Efficient Database Search
Suppose we had a database that contained names, email addresses, email message texts, documents, audio recording, case histories, and other large and dissimilar items. Suppose we wanted to find the record that contained a specific document or email message. Running a standard search that looks for an identical document in the database would be computationally intensive since it would require comparing data elements that are many kilobytes or megabytes long against the document we wanted to find. We could instead create a database that contained hashed versions of all the data elements and search for a match with a hash of the document we were looking for. This would require comparing data elements that are only 256 bits long. The bigger the average size of the original data elements, the greater the computational savings from searching for matching hashes.
Applications of Encryption
We have already discussed how symmetric and asymmetric encryption are used to send secure messages between users. The same basic technique is behind VPNs, HTTPS connections, encrypted WiFi communications, and SSL and TLS connections. One other application deserves mention.
Cloud backup services like OneDrive and Dropbox, and enterprise applications built on Azure or AWS, hold sensitive client data and use encryption to keep it secure. A common approach is to use a shared key to encrypt data that is transmitted between a client’s computer and the cloud service. This encrypts data in transit, but not at rest. If either the client or cloud service is hacked, the data are revealed. A better approach is to use a symmetric private key to encrypt data end-to-end. That is, encrypt the data on both the client’s computer and the cloud provider’s server, and only transmit data in encrypted form. This encrypts data in transit and at rest on both the local and cloud disks. The problem with this approach is that if the cloud service knows the shared encryption key, it can read your data. Even if you trust the cloud provider, a hacker may find a way to steal the encryption keys or a government agency may compel the provider to turn over your unencrypted data. Thus, an even better approach is client-side encryption which keeps the key in the hands of the client instead of making it a shared secret with the cloud provider. This key is used to encrypt data on the client’s local disk and only encrypted files are sent to the cloud server. Since the cloud provider does not know the private key, it is unable to read the client’s files. If the cloud provider is hacked, only encrypted files without keys are compromised. Even if the government ordered the cloud provider to turn over client data, it could only give up encrypted files. Since the cloud provider does not have the key, it is technologically impossible for it to turn over cleartext client data.

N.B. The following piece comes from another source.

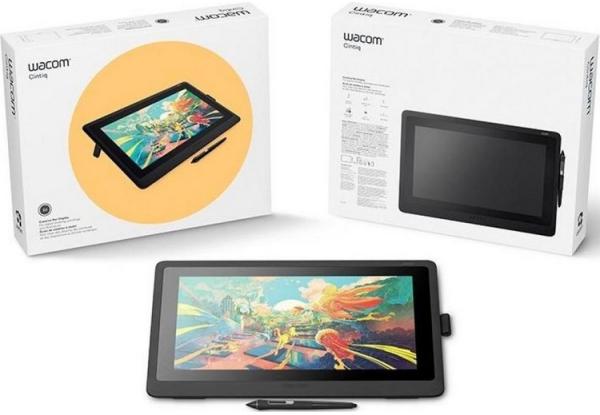 Графический планшет Wacom Cintiq 16 FHD DTK-1660 (49353) - фото 7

Applications that Combine Encryption and Hashing
Really interesting things become possible when encryption and hashing are used together.
Signing paper documents is the traditional way of indicating agreement or acknowledging receipt. Signatures can be forged, so banks and notary publics require that people show identification documents such as passports or driver’s licenses. These documents often include photographs, signatures, physical descriptions, and even fingerprints. In effect, these documents are an attestation by a government agency or whoever issued the documents that it believes that the person named on the ID document is the same one in the photograph, uses a signature that looks like the one on the document, has a certain fingerprint, and so on.
There are several weaknesses to this approach. First, we have to trust in the truthfulness and due diligence of the document issuer if we are to believe its attestation. This is why banks ask for official government IDs instead of your work ID or AAA card. Second, the document could be forged. Third, the ID could be stolen. These last two problems might be solved if we could request a copy or image of the document from the issuing agency. This would make it immediately apparent if the document being presented is forged, altered, stolen, or revoked.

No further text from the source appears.